In 1963 Kalam was sent to the US for a six-month training programme on sounding rocket launching techniques.Years later the amusing suggestion was
made that Kalam had learnt his space technology during that visit, but what attracted Kalam most was a painting at the Wallops Island facility, depicting Tipu Sultan’s soldiers using rockets against the British during the 18th century Anglo-Mysore wars (– incidentally a subject shared interest).

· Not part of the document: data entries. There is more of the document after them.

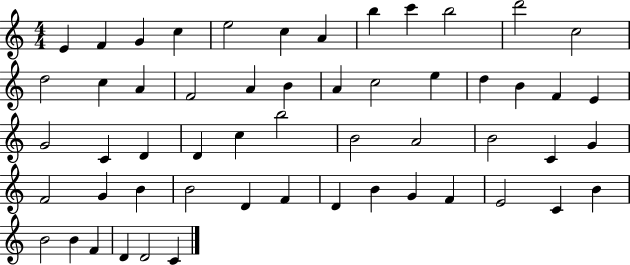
E4/q F4/q G4/q C5/q E5/h C5/q A4/q B5/q C6/q B5/h D6/h C5/h D5/h C5/q A4/q F4/h A4/q B4/q A4/q C5/h E5/q D5/q B4/q F4/q E4/q G4/h C4/q D4/q D4/q C5/q B5/h B4/h A4/h B4/h C4/q G4/q F4/h G4/q B4/q B4/h D4/q F4/q D4/q B4/q G4/q F4/q E4/h C4/q B4/q B4/h B4/q F4/q D4/q D4/h C4/q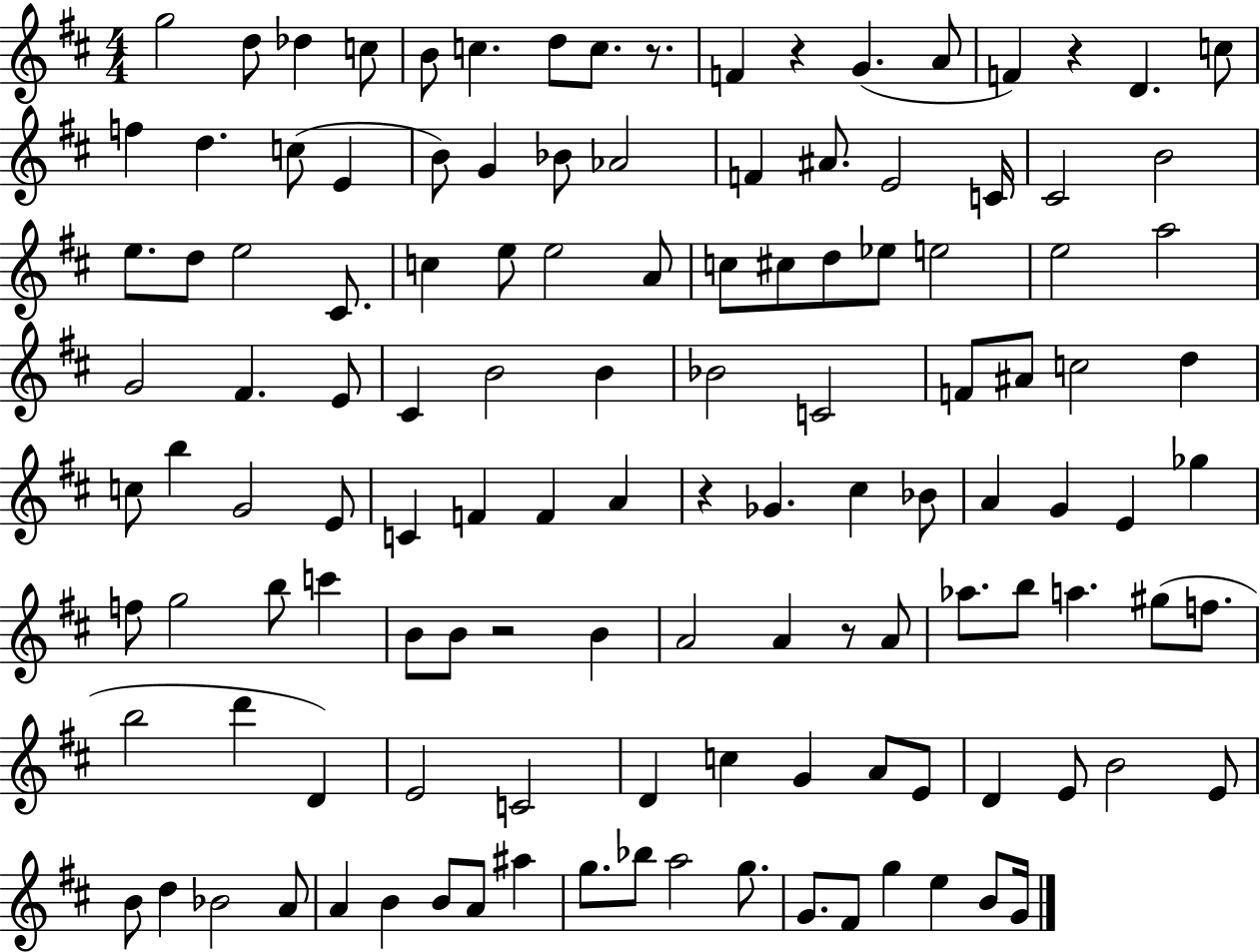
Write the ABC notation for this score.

X:1
T:Untitled
M:4/4
L:1/4
K:D
g2 d/2 _d c/2 B/2 c d/2 c/2 z/2 F z G A/2 F z D c/2 f d c/2 E B/2 G _B/2 _A2 F ^A/2 E2 C/4 ^C2 B2 e/2 d/2 e2 ^C/2 c e/2 e2 A/2 c/2 ^c/2 d/2 _e/2 e2 e2 a2 G2 ^F E/2 ^C B2 B _B2 C2 F/2 ^A/2 c2 d c/2 b G2 E/2 C F F A z _G ^c _B/2 A G E _g f/2 g2 b/2 c' B/2 B/2 z2 B A2 A z/2 A/2 _a/2 b/2 a ^g/2 f/2 b2 d' D E2 C2 D c G A/2 E/2 D E/2 B2 E/2 B/2 d _B2 A/2 A B B/2 A/2 ^a g/2 _b/2 a2 g/2 G/2 ^F/2 g e B/2 G/4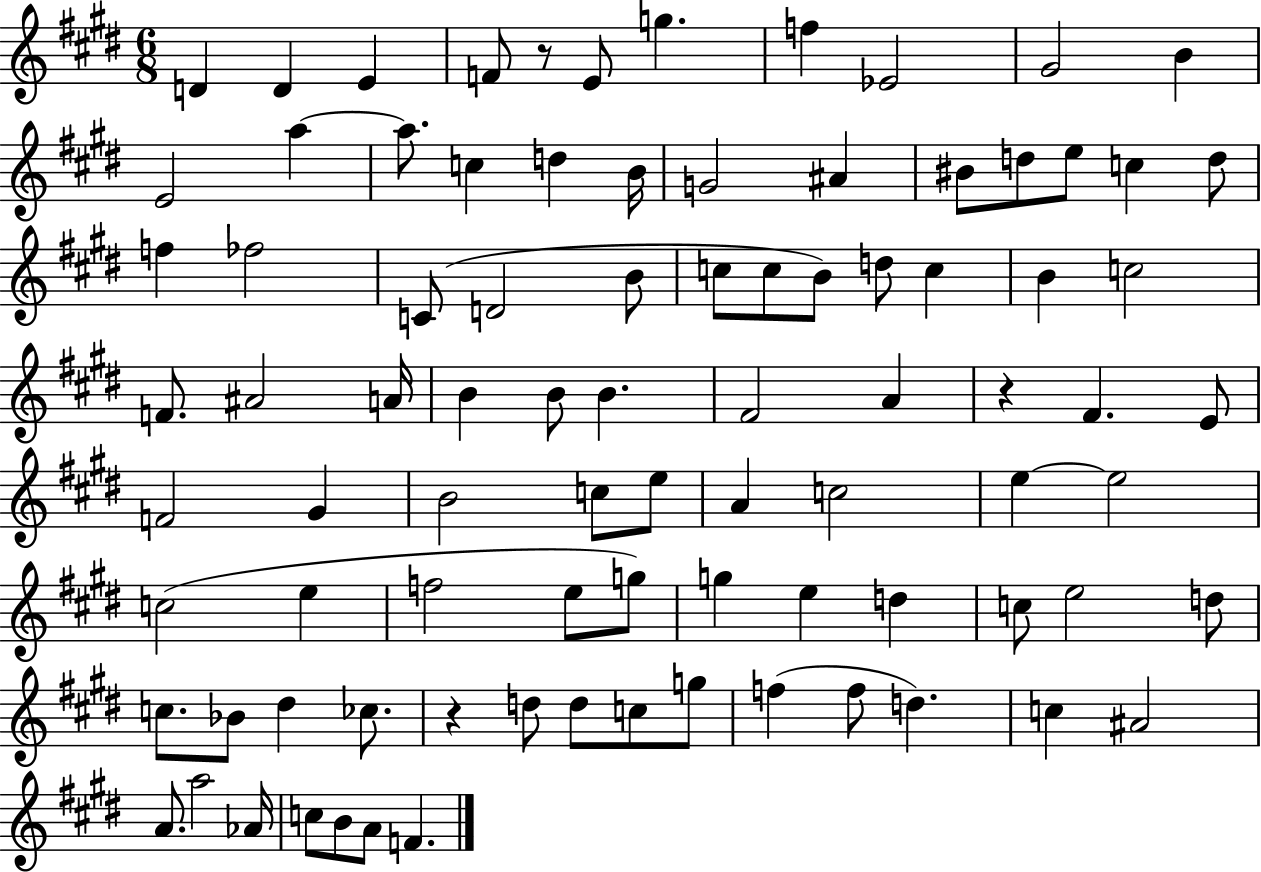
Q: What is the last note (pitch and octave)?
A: F4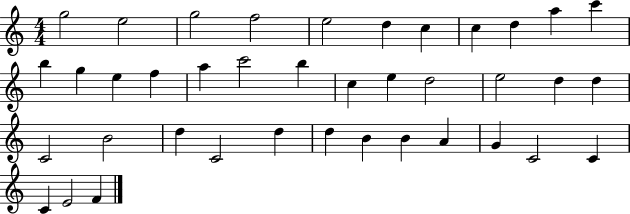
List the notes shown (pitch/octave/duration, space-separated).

G5/h E5/h G5/h F5/h E5/h D5/q C5/q C5/q D5/q A5/q C6/q B5/q G5/q E5/q F5/q A5/q C6/h B5/q C5/q E5/q D5/h E5/h D5/q D5/q C4/h B4/h D5/q C4/h D5/q D5/q B4/q B4/q A4/q G4/q C4/h C4/q C4/q E4/h F4/q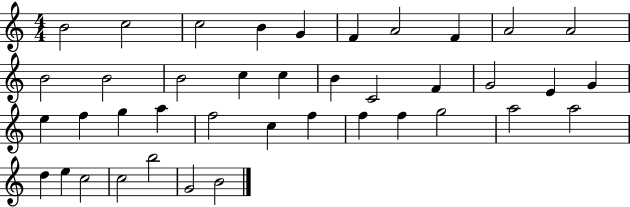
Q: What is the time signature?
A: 4/4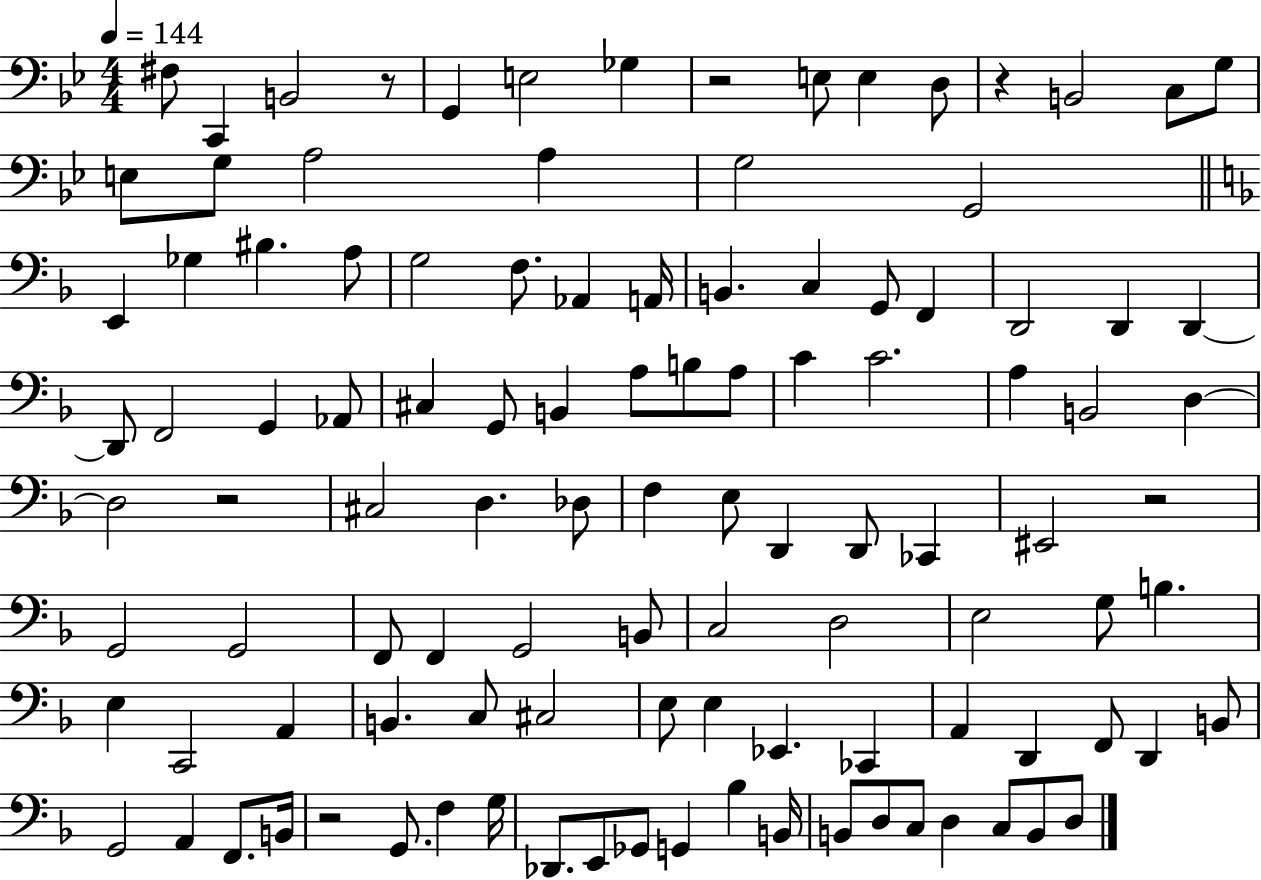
F#3/e C2/q B2/h R/e G2/q E3/h Gb3/q R/h E3/e E3/q D3/e R/q B2/h C3/e G3/e E3/e G3/e A3/h A3/q G3/h G2/h E2/q Gb3/q BIS3/q. A3/e G3/h F3/e. Ab2/q A2/s B2/q. C3/q G2/e F2/q D2/h D2/q D2/q D2/e F2/h G2/q Ab2/e C#3/q G2/e B2/q A3/e B3/e A3/e C4/q C4/h. A3/q B2/h D3/q D3/h R/h C#3/h D3/q. Db3/e F3/q E3/e D2/q D2/e CES2/q EIS2/h R/h G2/h G2/h F2/e F2/q G2/h B2/e C3/h D3/h E3/h G3/e B3/q. E3/q C2/h A2/q B2/q. C3/e C#3/h E3/e E3/q Eb2/q. CES2/q A2/q D2/q F2/e D2/q B2/e G2/h A2/q F2/e. B2/s R/h G2/e. F3/q G3/s Db2/e. E2/e Gb2/e G2/q Bb3/q B2/s B2/e D3/e C3/e D3/q C3/e B2/e D3/e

After the successful launches of sounding rockets at TERLS, Sarabhai began conceptualizing an Indian Satellite Launch Vehicle (SLV). As a space programme
began getting formulated and the Space Science and Technology Centre (later named VSSC after Vikram Sarabhai) came up at Veli Hill, I got to work with Kalam more closely. Among these projects were one on rarefied gas dynamics (with S. M. Deshpande), developing Monte Carlo codes for solving the Boltzmann equation on problems such as determination of satellite drag, and another on high-velocity flows (with N. M. Reddy) on heat transfer on nose
cones and in nozzles. This and a variety of technical reviews took some of us to Trivandrum every now and then. Meanwhile in 1972, following the untimely
passing away of Vikram Sarabhai the previous year when he was only 52, Satish Dhawan had taken over as Chairman of a reorganized ISRO and heading
the newly established Space Commission and Department of Space The development of an Indian SLV that could put a small 40 kg class Indian
satellite into low-earth orbit quickly became the most ambitious project on the ISRO agenda. Kalam was appointed Project Manager of the SLV-3 mission (as
the vehicle got to be designated). This was a somewhat surprising appointment, and there were members of the scientific community who were skeptical about the project’s chances of success, both within and outside ISRO, and the adequacy of Kalam for the task. However Dhawan had seen enough of Kalam in operation to conclude that he was one person who had delivered on what he had promised, because of his remarkable ability to work in teams and lead them. When the first launch failed in 1979 the fears of the pessimists seemed confirmed. However the second one launched a year later succeeded,
and placed a 35 kg Rohini satellite in a 400 km orbit. The story of what happened immediately after these two events is well known: after the failure,
Kalam wanted to resign, but Dhawan, who persuaded him to stay, faced the press answering the inevitable awkward questions. After a long internal meeting
analysing the causes of the failure, Kalam formally took responsibility for it, an admission that was followed by complete silence in the meeting, till Dhawan
concluded it saying ‘I am going to put Kalam in orbit!’. After the success of the second launch Dhawan chose to remain in the background and asked Kalam to go talk to the press.